Para que se entienda mejor la gravedad de lo cometido por el milico de marras –es que la denominación de “militar” le queda grande– pongo un trío de ejemplos, dos históricos y uno del derecho comparativo actual. En la Roma antigua, estaba prohibido tanto el ataque a los representantes populares como la interferencia en el ejercicio de sus funciones. La razón se fundamentaba en la libertad que estos debían gozar para expresarse y hacer saber lo que pensaban sus representados. La incolumidad de los senadores rayaba en lo sagrado porque representaban, según los lábaros que usaban sus legiones, al Senatus Populusque Romanus (Senado y pueblo romano). Quienes la violentaran se convertían en reos de muerte. Pero la verdadera institucionalización de la inviolabilidad de los legisladores comienza en la Inglaterra del siglo XVII, cuando el Parlamento pasó el Bill of Rights para evitar los abusos de poder de James II, quien acusaba de delitos a quienes les resultaban inconvenientes y, así, apartarlos de la toma de decisiones que no le cuadraban a la corona –¿algún parecido con la actualidad? O sea, que desde muy antiguo, esa inviolabilidad de los parlamentarios tiene su origen en la necesidad de la separación de poderes y la búsqueda de la independencia del poder legislativo con respecto al ejecutivo. Aquí, los tinterillos que complacen todas las arbitrariedades que inventan en Miraflores y el PUS les hacen el mandado, enanizan la democracia y hacen revivir la tiranía del ejecutivo sobre el legislativo como si no hubiesen existido las revoluciones inglesa, americana y francesa.

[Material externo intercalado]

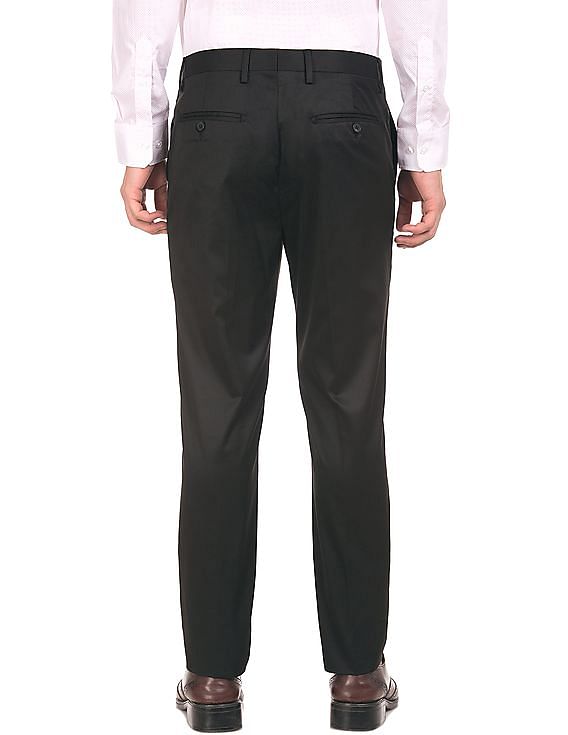 Buy Men Navy Check Ultra Slim Fit Trousers Online - 776255 | Van Heusen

El ejemplo contemporáneo es el de los legisladores estadounidenses, quienes solo gozan de impunidad e inviolabilidad mientras se desplazan desde sus casas de habitación hasta el Congreso para sesionar o ejercer las funciones investigativas sobre la administración. Es de tal importancia la presencia de estos en el Senado o en la Cámara de Representantes, que la Ley les concede esa excepción a la regla general sobre los poderes de policía para detener personas. Eso no es un cheque en blanco para la comisión de delitos por parte de un congresista ni en los Estados Unidos ni en ningún país civilizado, porque las leyes prevén que si el propio Parlamento da su visto bueno para que el legislador acusado sea encausado, este es cesado en su fuero y puesto a la orden del tribunal de la causa, usualmente al de mayor jerarquía.

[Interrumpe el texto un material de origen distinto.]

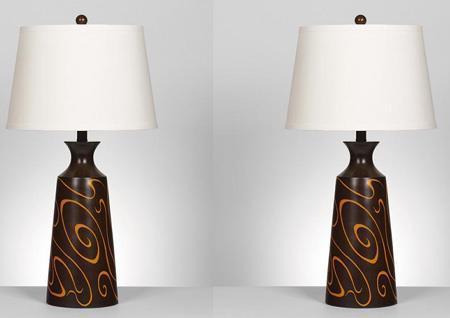 PAIR BROWN/ORANGE POLY LAMPS-14953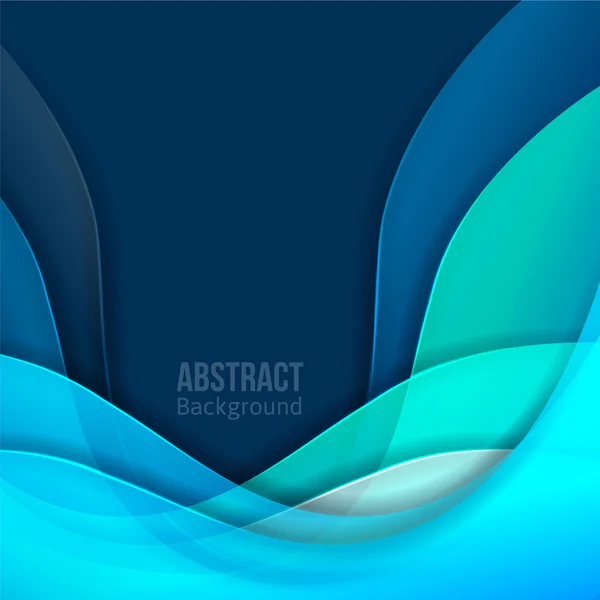 Abstrakter blauer Vektor Hintergrund. bildet einen fließenden Übergang und Wellen. — Stockvektor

Pero para el coronel Lugo y quienes les dan las órdenes ilegales que él ejecuta, el Art 200 constitucional no existe. Y por eso tienen el tupé de impedir que la Asamblea funcione. Y después hay inanes y áulicos que nieguen que estamos bajo un tiranía. Tan en tiranía estamos que ya hemos visto el horror de que varios ciudadanos acusados infundadamente de cometer delitos electorales han sido encausados en tribunales militares y, mientras se dicta sentencia (que ex profeso será procrastinada), son encerrados en prisiones castrenses…
Otrosí. ¡Con qué alegría firmé el 16-J! Me sentí lleno de venezolanidad. Y no tuve inconveniente alguno, a pesar de que estaba en tierra extraña. Para usar una frase que emplea mucho un querido amigo que es hoy preso político del régimen y a quien rindo homenaje: Carlos Graffe: ¡Sí se puede!